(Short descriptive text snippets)
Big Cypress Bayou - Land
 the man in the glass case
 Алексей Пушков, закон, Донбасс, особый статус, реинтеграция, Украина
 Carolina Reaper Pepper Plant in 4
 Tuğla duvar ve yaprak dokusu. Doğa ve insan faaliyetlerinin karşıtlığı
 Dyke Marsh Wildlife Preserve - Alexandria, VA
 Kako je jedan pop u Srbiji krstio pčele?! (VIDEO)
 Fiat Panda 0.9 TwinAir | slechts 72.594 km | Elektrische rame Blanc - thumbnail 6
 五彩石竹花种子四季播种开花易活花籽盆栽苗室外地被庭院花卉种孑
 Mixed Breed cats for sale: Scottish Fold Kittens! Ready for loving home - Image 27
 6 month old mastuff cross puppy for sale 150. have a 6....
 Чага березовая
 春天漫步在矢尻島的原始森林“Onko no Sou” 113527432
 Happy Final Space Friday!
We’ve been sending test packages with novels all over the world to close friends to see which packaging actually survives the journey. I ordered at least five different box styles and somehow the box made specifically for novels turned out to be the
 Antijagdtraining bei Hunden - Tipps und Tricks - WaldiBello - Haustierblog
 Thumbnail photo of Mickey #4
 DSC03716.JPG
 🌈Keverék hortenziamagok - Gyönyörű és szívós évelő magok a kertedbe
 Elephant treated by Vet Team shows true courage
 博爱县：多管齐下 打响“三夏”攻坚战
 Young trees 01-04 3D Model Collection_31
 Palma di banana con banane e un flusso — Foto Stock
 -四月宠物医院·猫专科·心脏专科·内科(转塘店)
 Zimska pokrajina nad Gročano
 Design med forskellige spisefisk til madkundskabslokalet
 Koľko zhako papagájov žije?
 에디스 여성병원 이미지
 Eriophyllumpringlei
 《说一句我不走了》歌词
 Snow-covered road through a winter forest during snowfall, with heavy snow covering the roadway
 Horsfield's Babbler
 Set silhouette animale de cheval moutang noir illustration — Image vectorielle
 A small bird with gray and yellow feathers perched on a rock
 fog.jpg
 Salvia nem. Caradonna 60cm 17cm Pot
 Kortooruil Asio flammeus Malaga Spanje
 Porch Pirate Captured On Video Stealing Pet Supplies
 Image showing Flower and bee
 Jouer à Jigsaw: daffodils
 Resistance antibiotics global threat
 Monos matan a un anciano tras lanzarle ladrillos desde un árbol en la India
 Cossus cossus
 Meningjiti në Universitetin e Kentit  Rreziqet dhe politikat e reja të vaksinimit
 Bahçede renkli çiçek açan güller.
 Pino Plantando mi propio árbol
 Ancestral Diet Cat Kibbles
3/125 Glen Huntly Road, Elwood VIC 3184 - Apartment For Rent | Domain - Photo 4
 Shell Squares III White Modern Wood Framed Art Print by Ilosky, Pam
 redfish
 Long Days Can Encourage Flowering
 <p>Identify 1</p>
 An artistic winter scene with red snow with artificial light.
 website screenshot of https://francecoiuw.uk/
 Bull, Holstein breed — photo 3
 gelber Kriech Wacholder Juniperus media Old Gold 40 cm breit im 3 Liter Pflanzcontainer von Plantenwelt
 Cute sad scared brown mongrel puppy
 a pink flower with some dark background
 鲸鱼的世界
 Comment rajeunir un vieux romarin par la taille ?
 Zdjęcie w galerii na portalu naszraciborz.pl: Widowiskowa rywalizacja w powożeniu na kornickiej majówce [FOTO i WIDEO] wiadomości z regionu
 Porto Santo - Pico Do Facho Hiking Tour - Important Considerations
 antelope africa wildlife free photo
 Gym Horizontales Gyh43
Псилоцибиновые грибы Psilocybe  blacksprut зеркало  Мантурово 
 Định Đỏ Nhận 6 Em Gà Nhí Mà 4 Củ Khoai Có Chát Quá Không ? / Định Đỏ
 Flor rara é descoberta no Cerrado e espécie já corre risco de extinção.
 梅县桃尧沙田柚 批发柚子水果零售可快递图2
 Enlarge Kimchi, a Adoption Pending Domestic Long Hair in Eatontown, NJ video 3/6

**Exercise description**
Transcribe all of the data, keeping every line identical.

**Solution below**
Big Cypress Bayou - Land
 the man in the glass case
 Алексей Пушков, закон, Донбасс, особый статус, реинтеграция, Украина
 Carolina Reaper Pepper Plant in 4
 Tuğla duvar ve yaprak dokusu. Doğa ve insan faaliyetlerinin karşıtlığı
 Dyke Marsh Wildlife Preserve - Alexandria, VA
 Kako je jedan pop u Srbiji krstio pčele?! (VIDEO)
 Fiat Panda 0.9 TwinAir | slechts 72.594 km | Elektrische rame Blanc - thumbnail 6
 五彩石竹花种子四季播种开花易活花籽盆栽苗室外地被庭院花卉种孑
 Mixed Breed cats for sale: Scottish Fold Kittens! Ready for loving home - Image 27
 6 month old mastuff cross puppy for sale 150. have a 6....
 Чага березовая
 春天漫步在矢尻島的原始森林“Onko no Sou” 113527432
 Happy Final Space Friday!
We’ve been sending test packages with novels all over the world to close friends to see which packaging actually survives the journey. I ordered at least five different box styles and somehow the box made specifically for novels turned out to be the
 Antijagdtraining bei Hunden - Tipps und Tricks - WaldiBello - Haustierblog
 Thumbnail photo of Mickey #4
 DSC03716.JPG
 🌈Keverék hortenziamagok - Gyönyörű és szívós évelő magok a kertedbe
 Elephant treated by Vet Team shows true courage
 博爱县：多管齐下 打响“三夏”攻坚战
 Young trees 01-04 3D Model Collection_31
 Palma di banana con banane e un flusso — Foto Stock
 -四月宠物医院·猫专科·心脏专科·内科(转塘店)
 Zimska pokrajina nad Gročano
 Design med forskellige spisefisk til madkundskabslokalet
 Koľko zhako papagájov žije?
 에디스 여성병원 이미지
 Eriophyllumpringlei
 《说一句我不走了》歌词
 Snow-covered road through a winter forest during snowfall, with heavy snow covering the roadway
 Horsfield's Babbler
 Set silhouette animale de cheval moutang noir illustration — Image vectorielle
 A small bird with gray and yellow feathers perched on a rock
 fog.jpg
 Salvia nem. Caradonna 60cm 17cm Pot
 Kortooruil Asio flammeus Malaga Spanje
 Porch Pirate Captured On Video Stealing Pet Supplies
 Image showing Flower and bee
 Jouer à Jigsaw: daffodils
 Resistance antibiotics global threat
 Monos matan a un anciano tras lanzarle ladrillos desde un árbol en la India
 Cossus cossus
 Meningjiti në Universitetin e Kentit  Rreziqet dhe politikat e reja të vaksinimit
 Bahçede renkli çiçek açan güller.
 Pino Plantando mi propio árbol
 Ancestral Diet Cat Kibbles
3/125 Glen Huntly Road, Elwood VIC 3184 - Apartment For Rent | Domain - Photo 4
 Shell Squares III White Modern Wood Framed Art Print by Ilosky, Pam
 redfish
 Long Days Can Encourage Flowering
 <p>Identify 1</p>
 An artistic winter scene with red snow with artificial light.
 website screenshot of https://francecoiuw.uk/
 Bull, Holstein breed — photo 3
 gelber Kriech Wacholder Juniperus media Old Gold 40 cm breit im 3 Liter Pflanzcontainer von Plantenwelt
 Cute sad scared brown mongrel puppy
 a pink flower with some dark background
 鲸鱼的世界
 Comment rajeunir un vieux romarin par la taille ?
 Zdjęcie w galerii na portalu naszraciborz.pl: Widowiskowa rywalizacja w powożeniu na kornickiej majówce [FOTO i WIDEO] wiadomości z regionu
 Porto Santo - Pico Do Facho Hiking Tour - Important Considerations
 antelope africa wildlife free photo
 Gym Horizontales Gyh43
Псилоцибиновые грибы Psilocybe  blacksprut зеркало  Мантурово 
 Định Đỏ Nhận 6 Em Gà Nhí Mà 4 Củ Khoai Có Chát Quá Không ? / Định Đỏ
 Flor rara é descoberta no Cerrado e espécie já corre risco de extinção.
 梅县桃尧沙田柚 批发柚子水果零售可快递图2
 Enlarge Kimchi, a Adoption Pending Domestic Long Hair in Eatontown, NJ video 3/6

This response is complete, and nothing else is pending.